Dem Parti:İktidardan ve devletten atılmış somut bir adım göremiyoruz
.
DEM Parti Eş Genel Başkanı Tülay Hatimoğulları, çözüm süreciyle ilgili “Ne yazık ki mevcut iktidar, bu konuda henüz önemli bir adım atmış değil. DEM Parti olarak gece, gündüz çalışıyoruz. Ama henüz iktidardan ve devletten atılmış bir somut adım göremiyoruz” dedi.
Tülay Hatimoğulları, DEM Parti il eş başkanları toplantısının açılışında konuştu.
Hatimoğulları, iktidarın, PKK lideri Abdullah Öcalan'ın çağrısına yönelik hiçbir adım atmadığını belirterek, şunları söyledi:
"Henüz iktidardan ve devletten atılmış bir somut adım göremiyoruz"

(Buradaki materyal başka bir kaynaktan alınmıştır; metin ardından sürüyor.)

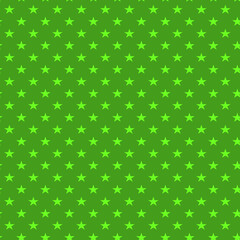 Fototapeta premium Seamless stars on a light background. Print for printing. Vector.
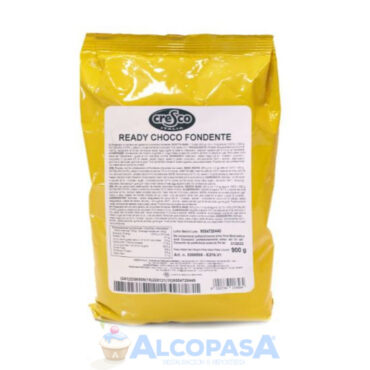 READY LINE CHOCO FONDENTE BRAUN (BOLSA 900g)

“Çağrının arkasında olduğumuzu defaatle ifade ettik. Ne yazık ki mevcut iktidar, bu konuda henüz önemli bir adım atmış değil. Her kesimin sahiplendiği bu çağrının yaşam bulabilmesi için gerekli olan siyasal, yasal ve toplumsal zeminin oluşmasıyla ilgili DEM Parti olarak gece, gündüz çalışıyoruz. Ama henüz iktidardan ve devletten atılmış bir somut adım göremiyoruz.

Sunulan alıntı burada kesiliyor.